GSA Connects 2021 in Portland, Oregon

Paper No. 40-13
Presentation Time: 4:55 PM


SHARMA, Sanjeev1, BHATTACHARYA, Prosun2, AHMAD, Arslan3, VON BRÖMSSEN, Mattias4, AHMED, Kazi Matin5, ALAM, M. Jahid6, ISLAM, Md Tahmidul7, AKTER, Nargis6 and BASAK, Soumyajit1, (1)ExcelDots AB, Svartviksslingan 90, LGH 1302, Stockholm, 16739, SWEDEN, (2)Department of Sustainable Development, Environmental Science and Engineering, KTH Royal Institute of Technology, Teknikringen 10B, Stockholm, SE-114 28, SWEDEN, (3)Department of Earth and Environmental Sciences, University of Kentucky, 101 Slone Building, Lexington, KY 40506-0053, (4)Ramböll Sweden AB, Krukmakargatan 21, Stockholm, 104 62, Sweden, (5)Department of Geology, University of Dhaka, Dhaka, 1000, Bangladesh, (6)WASH Section, UNICEF Bangladesh, Sher-E-Bangla Nagar, Dhaka, 1207, Bangladesh, (7)KTH-International Groundwater Arsenic Research Group, Department of Sustainable Development, Environmental Science and Engineering, KTH Royal Institute of Technology, Teknikringen 10B, Stockholm, 11428, SWEDEN

Groundwater system is a complex and ambiguous system, often requires detailed understanding of subsurface geography and hydro-geology for sustainable water supply. In last few decades, dependencies on groundwater for drinking, agriculture and industrial usages have increased manifold. Shallow tubewells have been used for provision of drinking water to a large population in Indian subcontinent. Unfortunately these aquifers are affected by diverse suite of geogenic as well as microbial contaminants which need regular monitoring and proper treatment to meet the health based targets for drinking water supply. A holistic water safety plan ensures safe drinking water to all by effective planning, monitoring and control of water sources. Digital transformation in water sector has been recognized as one of the most important drivers to accelerate and tracking the progress towards SDG 6. Digital technologies are critical to transform the global water systems and help utilities to curb pressing challenges such as water shortage, leakages in water distribution networks, and geogenic and microbial contamination of water. Technologies like Internet of Things (IOT), connected sensors, Artificial Intelligence (AI), Machine Learning (ML), Blockchain and several otheretc. play a pivotal role in enabling the digital transformation in water. Machine learning and deep learning techniques help to develop cognitive solutions and hydrogeological models. We generate huge data pipeline consisting of both primary and secondary data, often referred to as Big data, becoming a soft asset for a country for architecting drinking water safety plan. The digital platform ASMITAS helps to achieve safe groundwater interventions through an aggregation of data system.
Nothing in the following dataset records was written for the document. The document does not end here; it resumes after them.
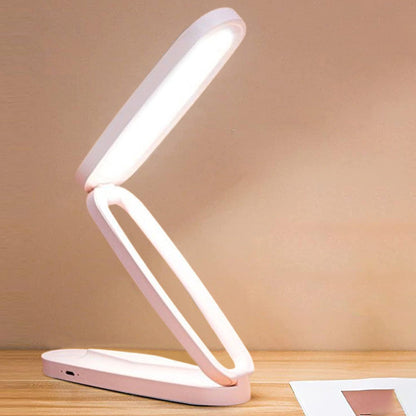 Foldable LED Desk Lamp Touch Dimmable Table Lamp Rechargeable Portable Reading Lamp for Office Home Pink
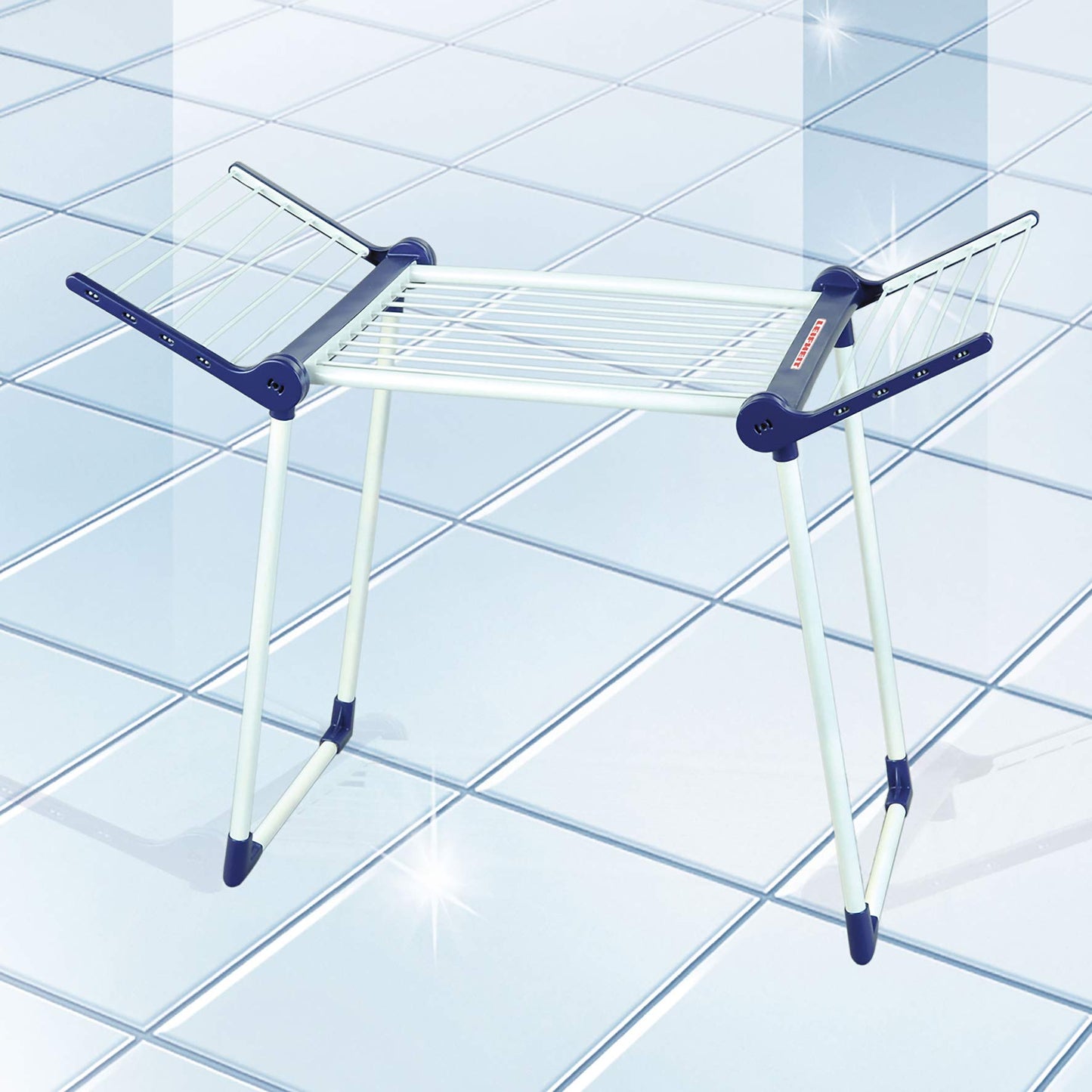 Theo Klein Vileda Sweeper Cart I With mop, bucket, broom and much more I 29 cm x 24 cm x 60 cm & Leifheit Drying Rack I For freshly washed doll and teddy bear clothes 27 cm x 63 cm x 50 cm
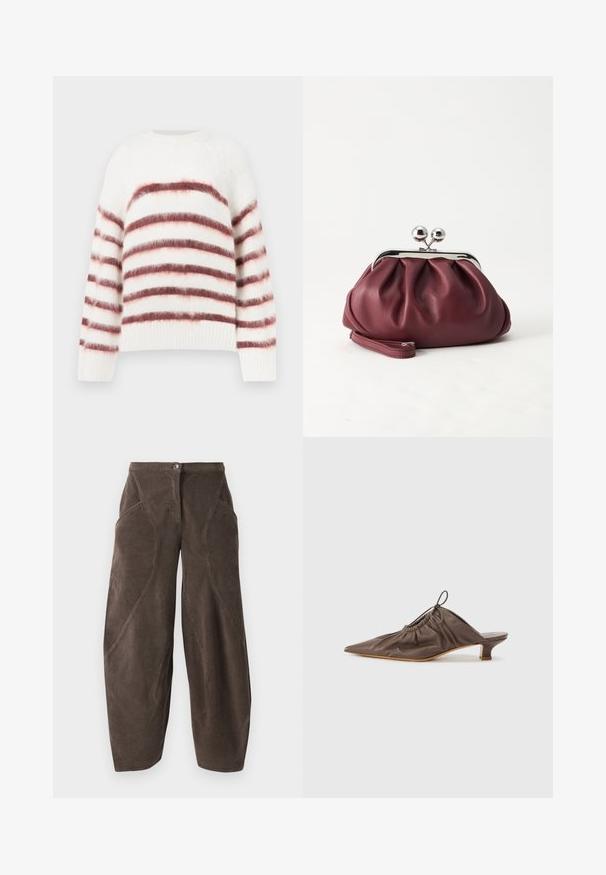 Hvid sweater med horisontale røde og lyserøde striber, lavet af blødt, tekstureret materiale. Har en rund halsudskæring og ribbede manchetter.; Brune bredbenede fløjlsbukser med høj talje, frontknaplukning og skrå sømdetaljer på benene.; Brun læder mule med spids tå, samlet tekstur, lille hæl og en snorede accent ved åbningen. Glat finish.; Lille bordeauxlæder clutch-pung med sølv metal lukning og håndledsrem på hvid baggrund.
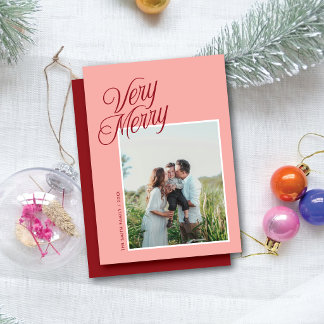 Zeer vrolijk kerstfeest Elegant script één foto ro Feestdagenkaart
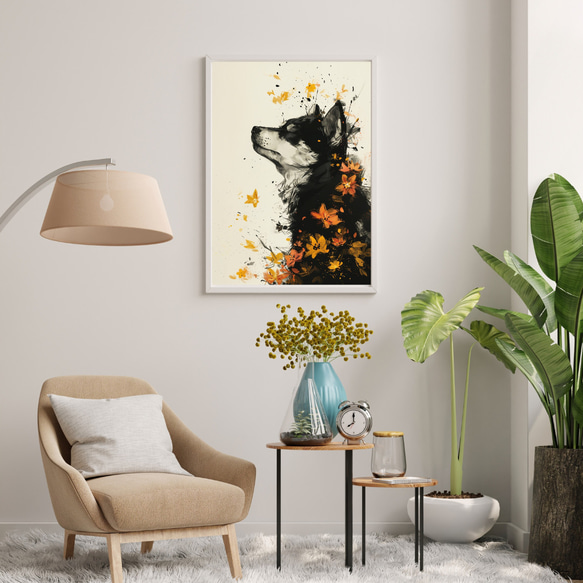【犬花爛漫 - 柴犬 No.3】モダンアートポスター 犬の絵 犬の絵画 犬のイラスト 7枚目の画像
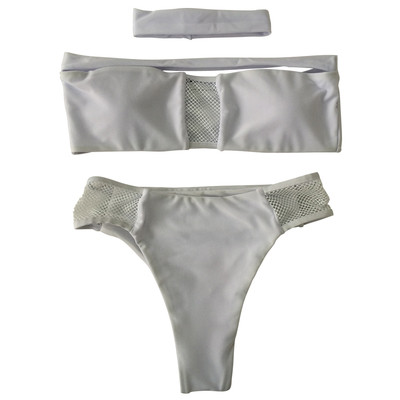 Kétrészes női fürdőruha piros-fehér színben, hálóval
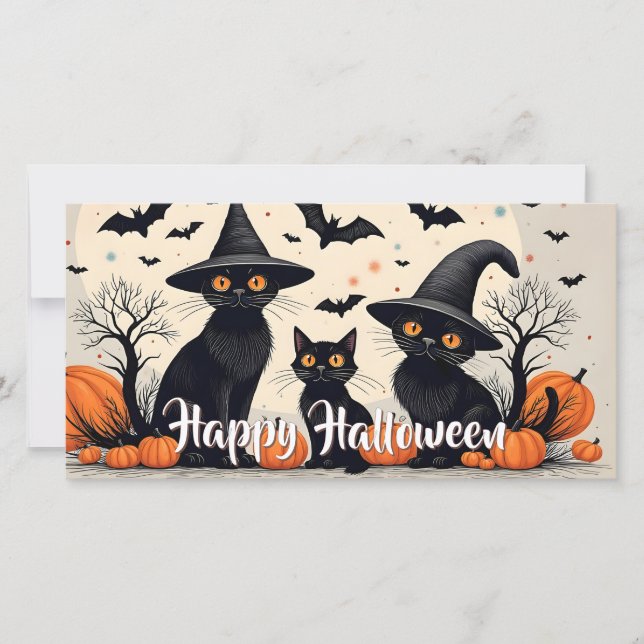 Three Black Cats with Hats on Halloween (Front)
ASMITAS consists of a data aggregation system for identifying safe sources of water through systematically obtained scientific data from the field and the laboratory. To put it broadly, it is a robust decision system, which uses advanced analytics and Machine Learning (ML). ASMITAS has been successfully deployed in Bangladesh for enhancing private sector capacity and used as decision-making tools for various stakeholders. The platform uses mobile application for collecting key data about lithologs, geospatial information for arsenic and cloud based solution for holistic arsenic risk management. ASMITAS has been successfully integrated with advanced geological modelling tool GeoGIS for aquifer delineation and data visualization.